TASK2METRICSMODE = {
    "cola": {'metric': 'matthews_correlation', 'mode': 'max'},
    "mnli": {'metric': 'accuracy', 'mode': 'max'},
    "mrpc": {'metric': 'f1', 'mode': 'max'},
    "qnli": {'metric': 'accuracy', 'mode': 'max'},
    "qqp": {'metric': 'f1', 'mode': 'max'},
    "rte": {'metric': 'accuracy', 'mode': 'max'},
    "sst2": {'metric': 'accuracy', 'mode': 'max'},
    "stsb": {'metric': 'spearmanr', 'mode': 'max'},
    "wnli": {'metric': 'accuracy', 'mode': 'max'},
}

## Optimizing Training Hyperparameters 

We start by optimizing hyperparameters that control the training process: learning rate, batch size and the ratio of training steps for warming up the learning rate, i.e where the learning rate is increased to its final value before we start decaying it back to 0.

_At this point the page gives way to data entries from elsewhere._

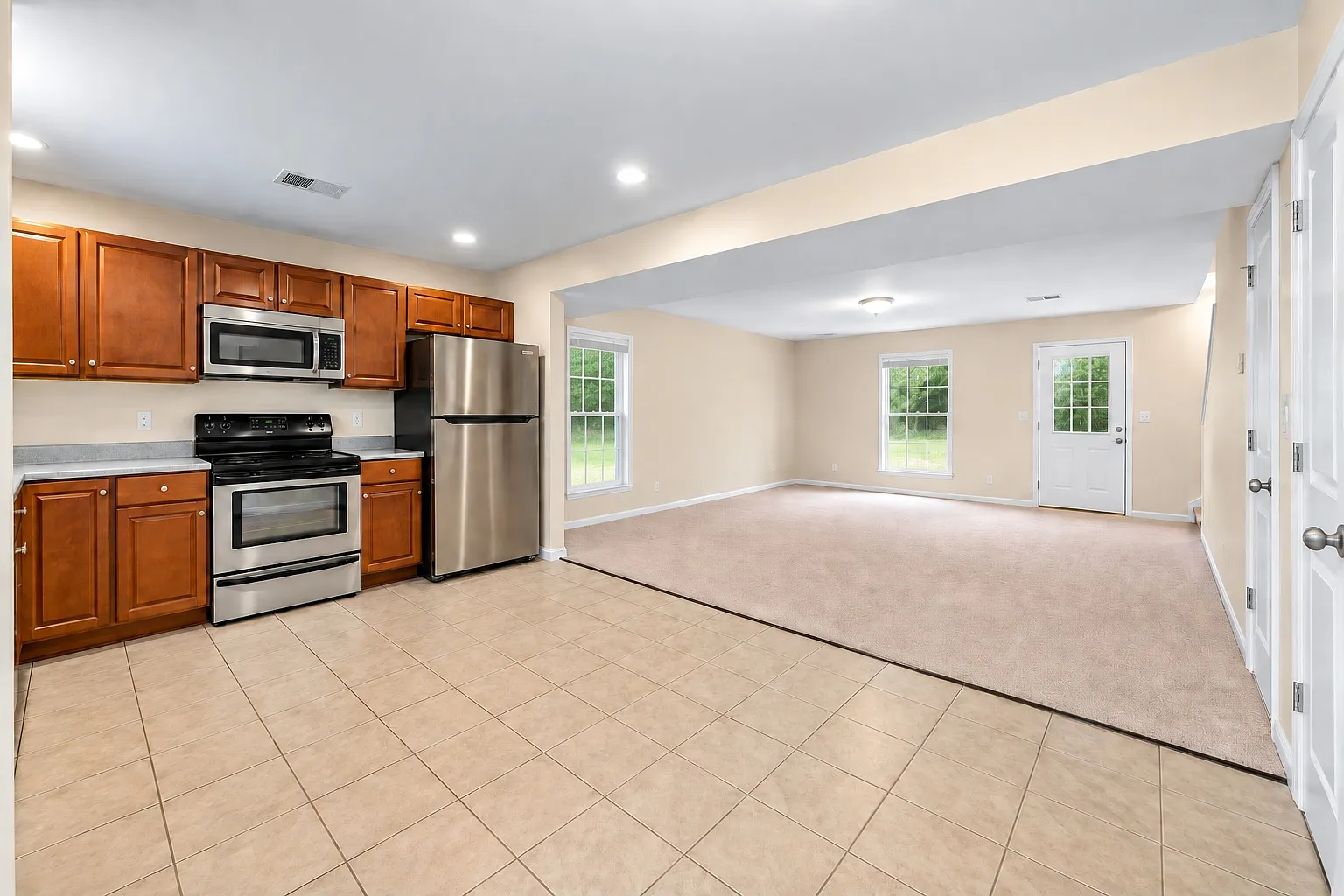 2 bed, 3.5 bath, 1300 sqft, $2,400 — Photo 4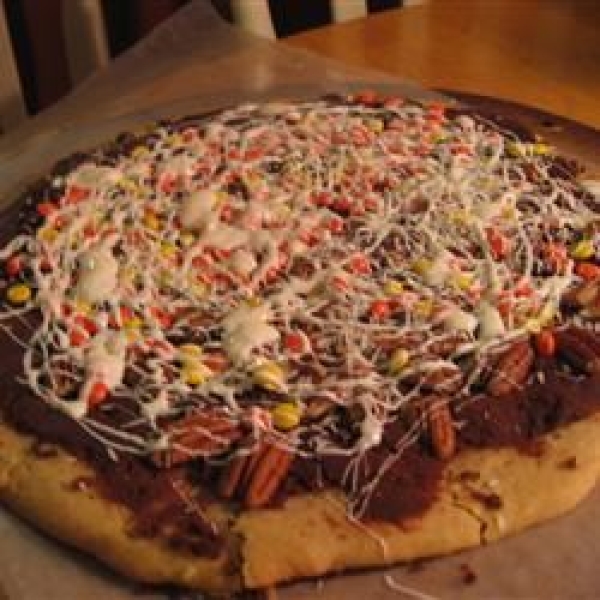 Chocolate Cookie Pizza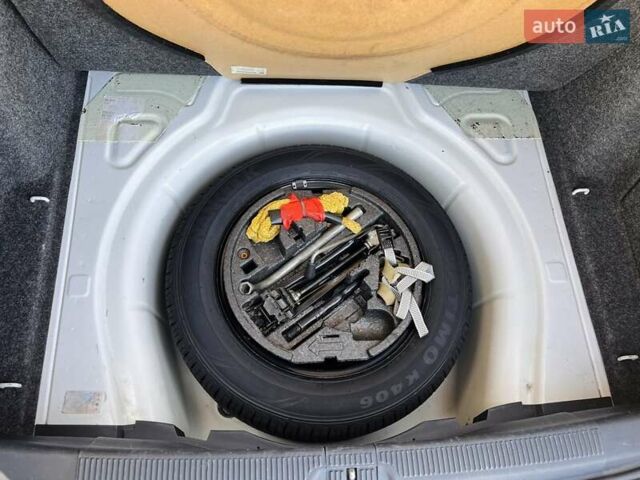 Білий Шкода Октавія, об'ємом двигуна 1.6 л та пробігом 223 тис. км за 7500 $, фото 69 на Automoto.ua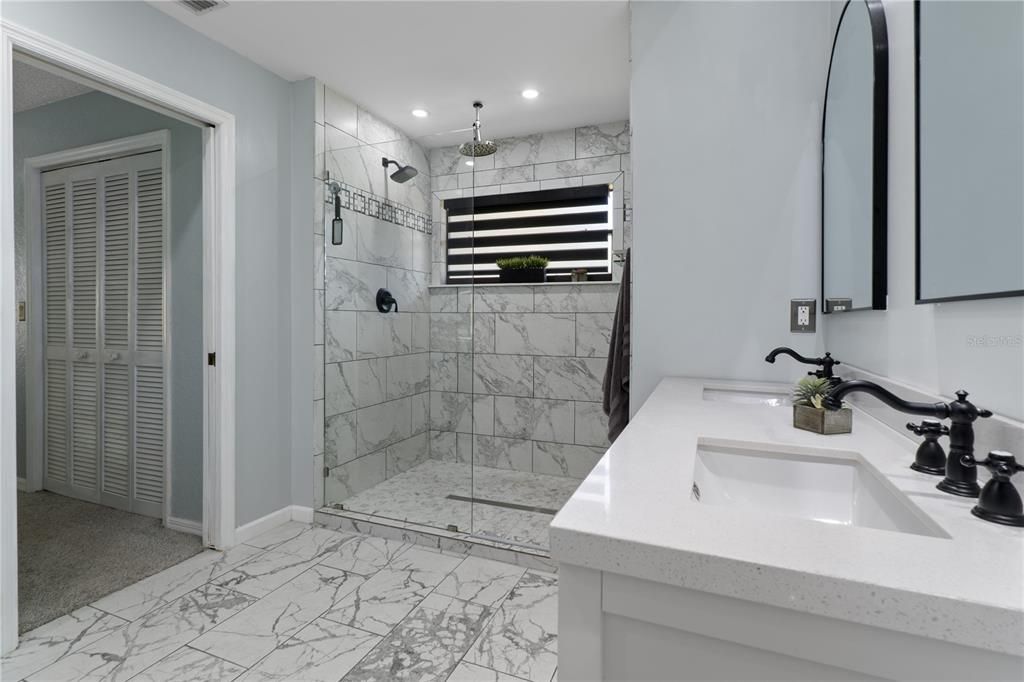 For Sale: $474,900 (3 beds, 2 baths, 2024 Square Feet)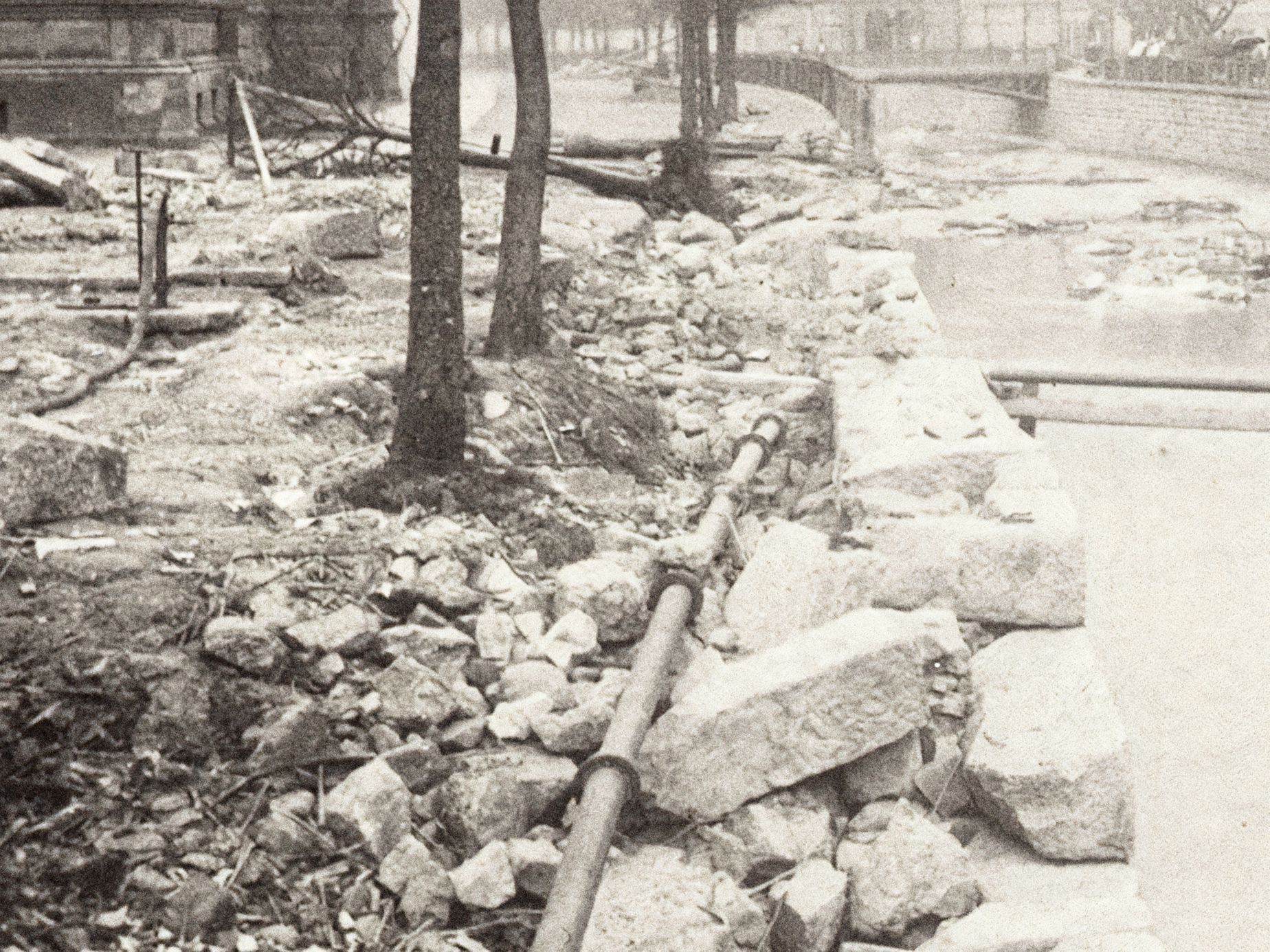 Jednorázové užití / Fotogalerie / Před 130 lety Karlovy Vary devastovala povodeň, která stála život i slavného starostu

We first need to define some additional parameters such as the dataset, the total number of runtime dedicated to the HPO process and the number of workers to distributed the evaluation of hyperparameters, etc. 
We set the number of workers equal to the number of GPUs, such that each GPU evaluates one configuration at a time.

In [None]:
dataset = 'mrpc'
max_runtime = 1800
num_train_epochs = 3 
n_workers = 1
seed = 12345
model_type = 'bert-base-cased'

For Syne Tune we need to define which metric we would like to optimize, and whether we maximize or minimize this metirc. Additionally, we also specify the resource attribute that determines how much resources we spend for the evaluation of a hyperparameter configuration, e.g the number of epochs for training.

In [None]:
metric = 'eval_' + TASK2METRICSMODE[dataset]['metric']
mode = TASK2METRICSMODE[dataset]['mode']
resource_attribute = 'epoch'

Next we define the path to the training scripts that gets the hyperparameters as input argument and reports the above define metrics back to Syne Tune. Here we use an adated version of the original Hugging Face script: https://github.com/huggingface/transformers/blob/master/examples/pytorch/text-classification/run_glue.py

In [None]:
entry_point = "./run_glue.py"

The first configuration that we will always evaluate is the default configuration provided by Hugging Face. This makes sure that the configuration returned by Syne Tune performs at least as well as the default configuration.

In [None]:
default = {
    'learning_rate': 2e-5,
    'per_device_train_batch_size': 32,
    'warmup_ratio': 0.0,
}

Now we can define the configuration space, which contains the hyperparameters that we want to optimize plus all other parameters that we want to pass to the training script.

In [None]:
config_space = {
    'learning_rate': loguniform(1e-6, 1e-4),
    'per_device_train_batch_size': randint(16, 48),
    'warmup_ratio': uniform(0, 0.5),
    'num_train_epochs': num_train_epochs,
    'model_name_or_path': model_type,
    'task_name': dataset,
    'do_train': True,
    'max_seq_length': 128,
    'seed': seed,
    'output_dir': 'tmp/' + dataset,
    'evaluation_strategy': 'epoch', 
}

Before we can start the optimization process, we have to define the backend. Here we use the LocalBackend, which distributes the HPO process on the local machine. Later we will also see how we can parallelize the search across a set of SageMaker training jobs.

In [None]:
backend = LocalBackend(entry_point=entry_point)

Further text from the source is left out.